K. said we were enjoying the Mediterranean dream, and I had to agree.
She couldn’t get over the olive trees pouring from the hill tops all the way down into the sea shore.
I couldn’t get over the backdrop – unspoilt views from our motorcycle pretty much in any direction, but especially along the coastline toward a plethora of uninhabited, seemingly unexplored islands.
This makes me think of mountains, I admitted. Being on top of one introduces you to others, and then your mind is set on getting to know them better.
For both, it was the all pervasive smell of pine trees, the sight of the pine trees shining. Really, it was intoxicating.

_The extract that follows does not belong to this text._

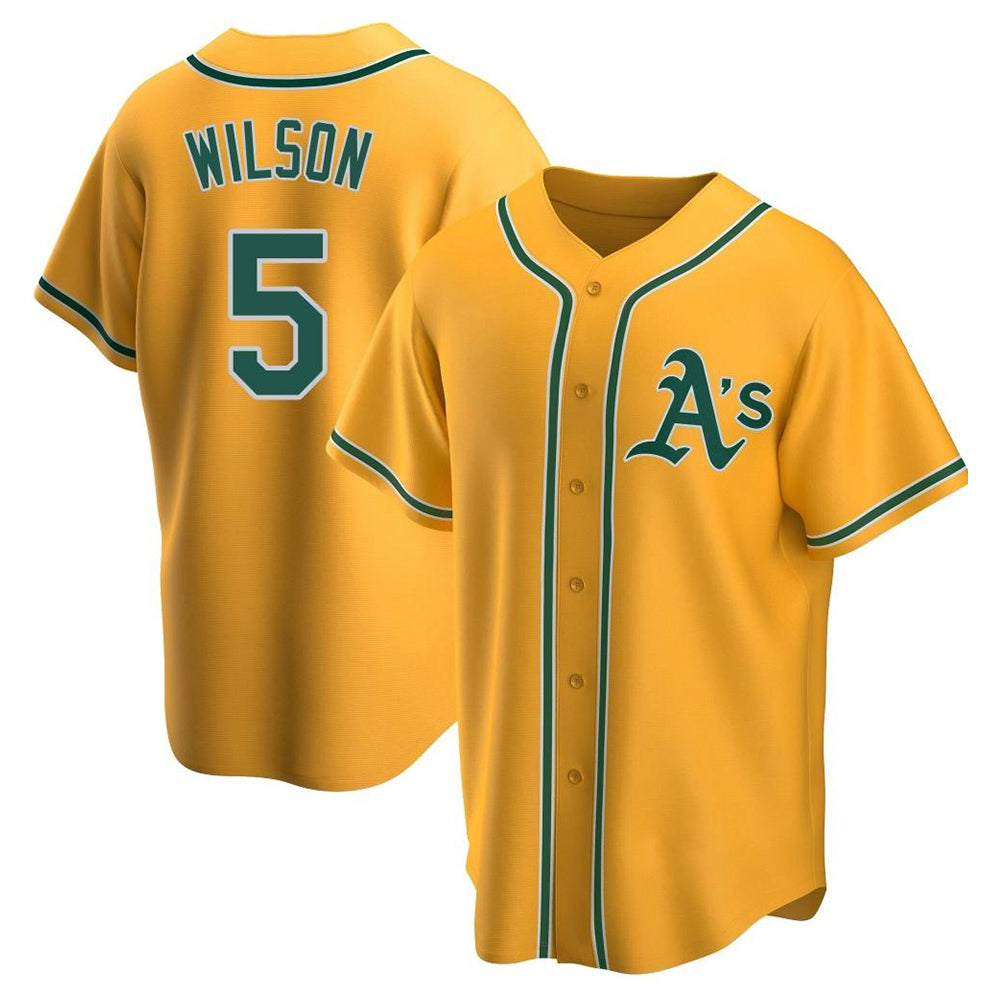 TRASK Athletics #5 Jacob Wilson Gold Replica Alternate Stitched Jersey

Pristine, transparent water from a plethora of beaches and coves. Jellyfish that don’t really sting – basically because they’re not jellyfish, as we found out. And a quaint, not tacky-touristy Chora (old town), great for a drink with views, dinner and people watching.
Oh and, the relaxation. No races to secure parking or a sunbed; not even in peak season. So we just let ourselves drift with the slow current. You wish: we had the sunbed, but still managed to pack in two extra coves zipping away on our bikes.

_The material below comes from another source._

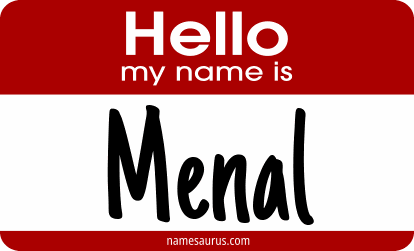 Hello my name is Menal png download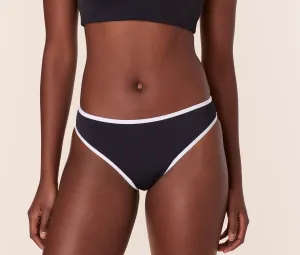The Bells Bikini Bottom - Eco Nylon - Black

But wait. We had been told that the island was unusually crowded. No reservation? There are no rental bikes available on the island, they had said, when K called.
We’ll see about that, said her eyes, as she stood first in line to disembark the ferry.
So yes, we got a bike – a pretty good one, at at that – and crowds were…well…thinner than thin?
The catch? It had to be the sand, we decided – or rather, lack thereof. I read that there was really only one sandy beach, you know, great for kids, complete with a resort.
But of course we headed anywhere and everywhere else.
Stoney, beautiful pools ideal for snorkeling, swimming, and dreaming of endless island hopping. Top it with a large bottle of Mythos and Greek taverna food for our Med dream.